As such, the weaker than expected NFP print this time round may have been interpreted as a bullish event especially since the new Fed Chairman Yellen has just taken over and will be making her maiden policy speech to the House on Tuesday. Market could be expecting Yellen to stop current pace of QE tapering given the weak growth prospect, resulting in strong revival in bullish risk sentiment. Hence, WTI actually moved higher because of the weak NFP and we could see prices having the ability to move up higher if Yellen indeed turned out to be dovish.
This argument seems logical and there appear to be evidence as well – US stocks gained strongly; S&P 500 clocking in 1.33% higher, Dow Jones Industrial Average +1.06% and the risk sensitive Nasdaq 100 gained the most 1.84%. On the other hand, fear index VIX fell 11.26%, showing that risk appetite is alive and well and not just limited to WTI Crude.
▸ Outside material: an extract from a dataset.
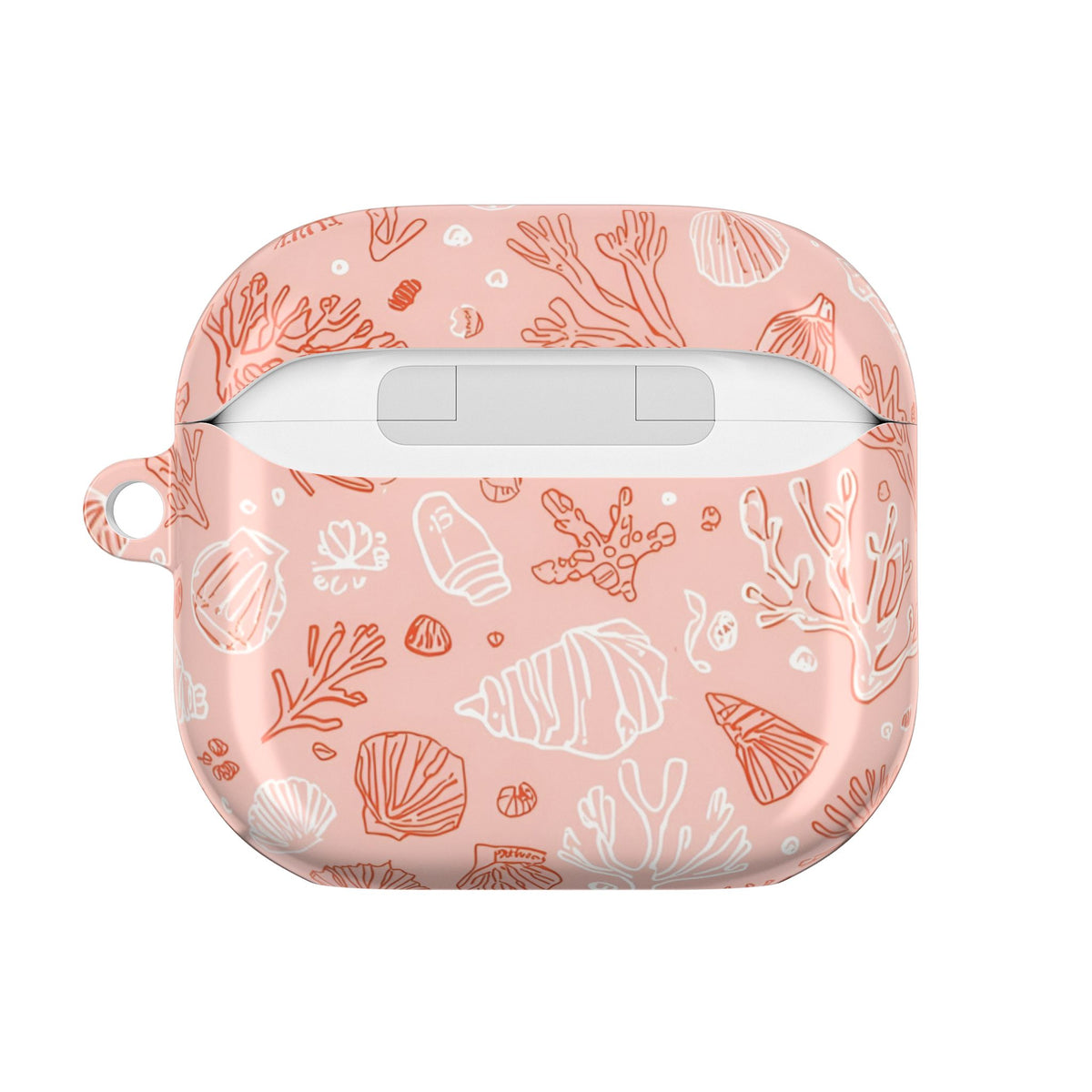 Beach inspired pink AirPod case with seashells and coral branches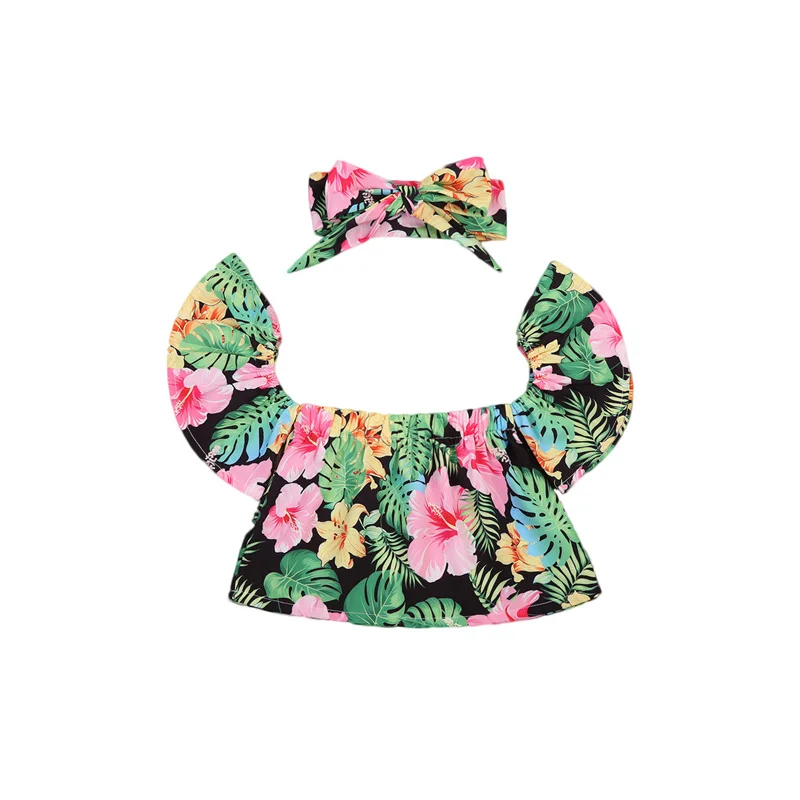 

2017 Newborn Baby Girls Fashion Cute Short Sleeve Square Collar Off Shoulder Pullover Floral Print Shirt Tops Headband 2PCS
However, other assets do not really agree – 10Y Treasury yields traded 1% lower but was mostly flat during the day following the opening gap. USD was weaker ( Dollar Index Spot DXY lower by 0.266%) but nowhere close to the magnitude seen in Stocks and WTI. Similarly, Gold which was expected to climb higher should there be stimulus speculation did moved up but the gains are definitely paltry compared to the ones seen by WTI.
Hence, the assertion that QE speculation is back do hold some water, but we’re still far away from a full confirmation. As such, there is some degree of doubt whether there is actually overreaction on WTI, and the likelihood of bearish pullback increases as the fundamental reasons for WTI to be so high is still in doubt.
From a technical perspective, it is clear that bullish momentum is overbought, and prices appears to be pulling lower already even before the swing high of 27th Dec has been tested (see Daily Chart below). Should 100.0 round figure fail to hold, we could see significant pullback towards 98.5. However, if prices manage to hold above 98.5, the likelihood of a quick return to 100.0 and potentially higher becomes higher as this will be strong testament to WTI’s Crude inherent bullish strength.
The bullish momentum from Mid Jan continues, but prices will need to break 100.57 and preferably above 101.5 in order to affirm strong long-term bullish conviction. Failure to do so would mean that the decline from August 2013 remains in play and the risk of a return of bearish momentum towards 91.22 swing lows becomes higher. Nonetheless, it should be noted that we have just averted a Stochastic bearish cycle signal with Friday’s push, and that would alleviate short-term bearish pressure.